Does anybody want to help Bryce win some baseball games? Anybody?

Philadelphia Phillies v Colorado Rockies Photo by Matthew Stockman/Getty Images

For the first three innings, this game was really quite fun. In the first, Bryce Harper hit a massive, no-doubter 430 feet to right center field. It was glorious.

In inning number two, Bryce made an absolutely incredible play to nail C.J. Cron at home plate. As soon as the ball left the bat, I was sure the Rockies were going to score, but Bryce Harper had other plans. He took a fast route to the ball and then let it fly at 91 MPH straight into J.T. Realmuto’s glove. J.T. caught the ball, made a perfect turn, and expertly blocked the plate so that Cron had no chance to score. Everything about this play was beautiful. People talk a lot about double play partners, but personally, my favourite defensive duo are Harper and Realmuto, the best outfield assist partners in baseball.

In the next inning, Bryce came to the plate and hit a home run so far it made his last one look like a lazy fly ball. This one went 468 feet, making it the farthest hit home run by a National Leaguer this season. (Ronald Acuña Jr. is in second place with a measly 456 ft homer. Overrated, much?)

I was so excited that I was already starting to prepare Bryce Harper puns for the recap title (“The player so nice they named him Bryce!”), and it looked like we were in for a fun afternoon of Phillies baseball.

Then, the Rockies went on to score 12 unanswered runs, and the Phillies only managed four more hits on the rest of the day. Suffice to say, this game did not deserve a fun Bryce Harper pun for the recap title.

Chase Anderson didn’t look sharp at all today, and I spent the first three innings on edge, wondering if he could make it through his requisite 4-5 innings before disaster caught up to him. Turns out, he could not.

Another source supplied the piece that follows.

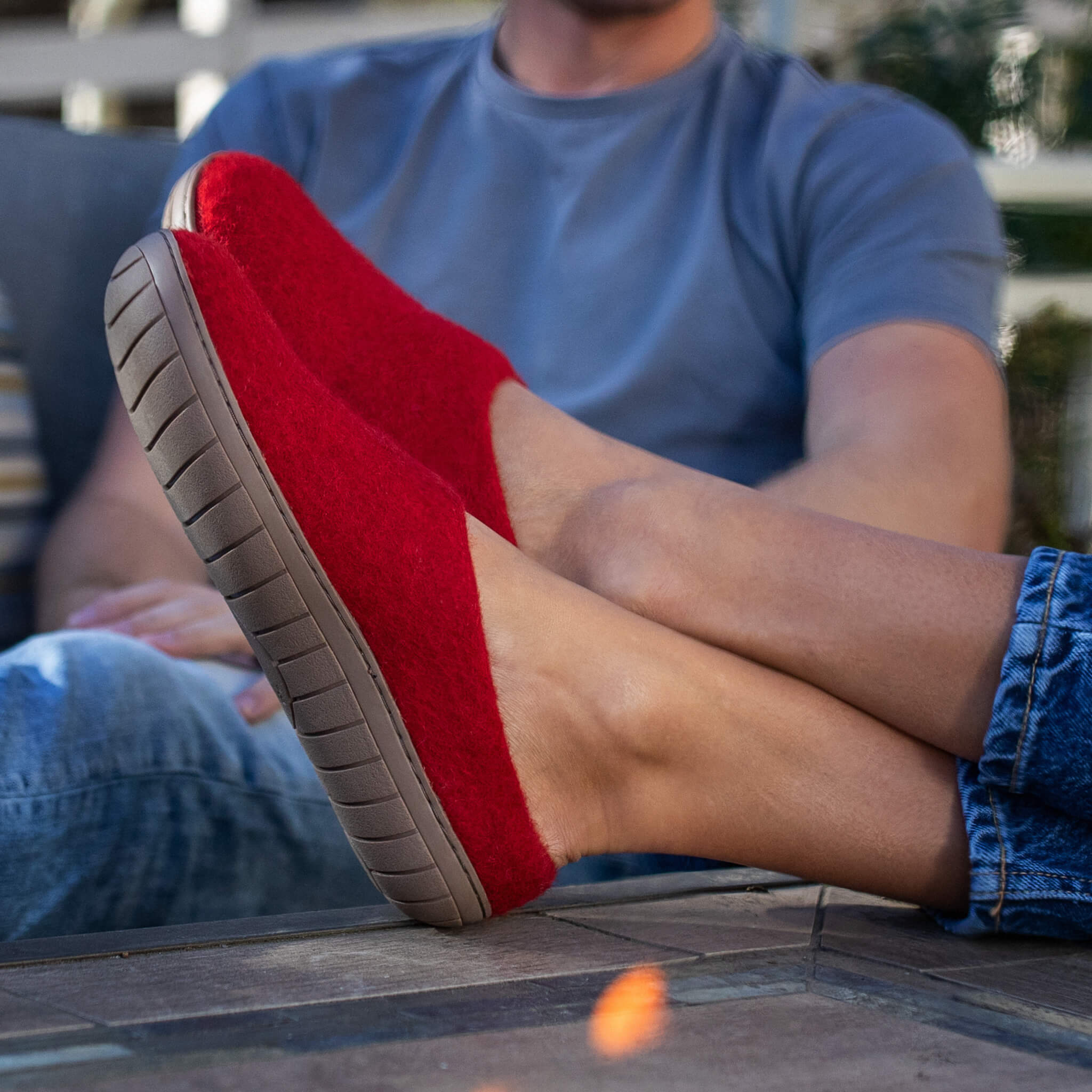 Wool Slipper with Rubber Sole and Arch Support - Red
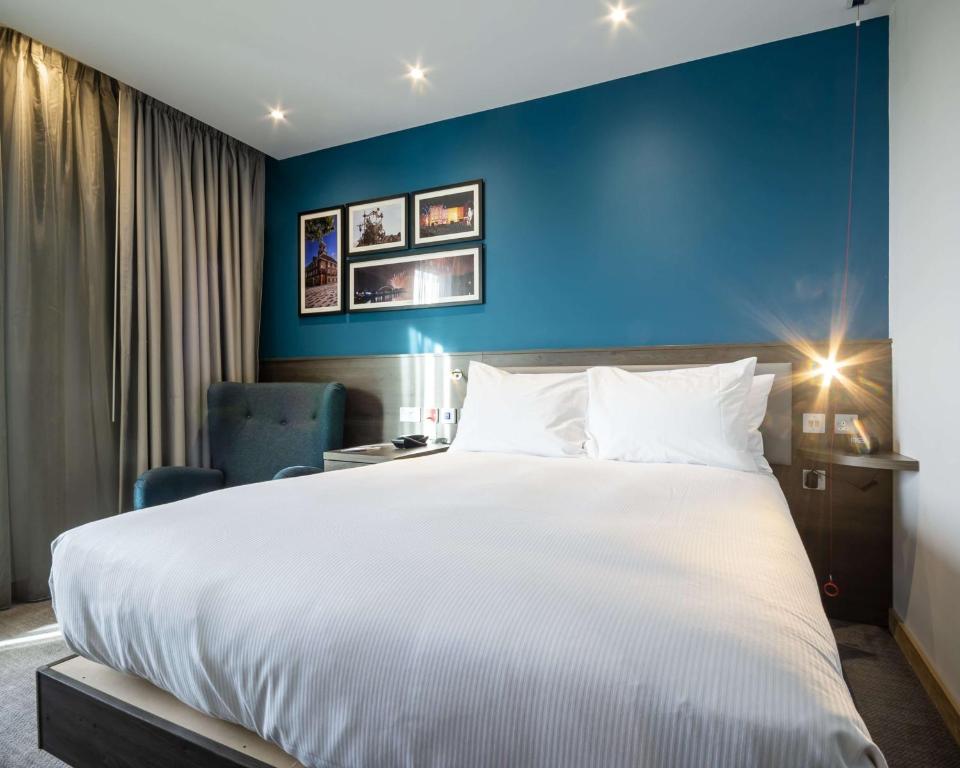 Hampton By Hilton Stockton On Tees - 家庭连接房间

Anderson started the fourth inning by giving up two singles, a sacrifice bunt, a sacrifice fly, and a walk. There were runners on first and third, but there were two outs and the Phillies were still up by one. The pitcher’s spot was due up, and it seemed like Anderson was going to get out of the jam. But pitcher Jon Gray hit an RBI single, and all of a sudden the top of the order was coming up and Anderson looked gassed.

It was pretty clear he needed to come out of the game at that point, but Joe Girardi needed to buy time for a reliever to get warm. Chase Anderson faced two more hitters, allowing another RBI single and a walk.

And that’s when David Hale entered the game with the bases loaded.

I really need to question Joe Girardi’s bullpen management here. Why would he bring in David Hale in a one-run game with two outs, the bases loaded, and the Rockies best hitter at the plate? It seems like Girardi is just so determined to use “set roles” in the bullpen that he won’t change things up no matter what. David Hale is apparently the guy who comes when they need a reliever early in the game regardless of how high-leverage the situation is. Ugh!

Oh yeah, so anyway, David Hale gave up a grand slam to Trevor Story and then the game was basically over.

I enjoyed the chance to see Spencer Howard again, even though he didn’t look too sharp. I was excited to see Nick Maton get another two-hit game. I admired Bailey Falter’s hair in his major league debut. But I also cleaned my room, put away my laundry, and spent about thirty minutes lying under my bed screaming, because I’d rather have done just about anything than watch the rest of this game.

Not only did the pitching staff allow twelve runs, but Cutch and Didi both made some pretty egregious misplays in the field, Alec Bohm went 0-for-4 for the second straight game, and Rhys Hoskins seemed to lose all the momentum he built up over the past few days. It was an ugly one, folks.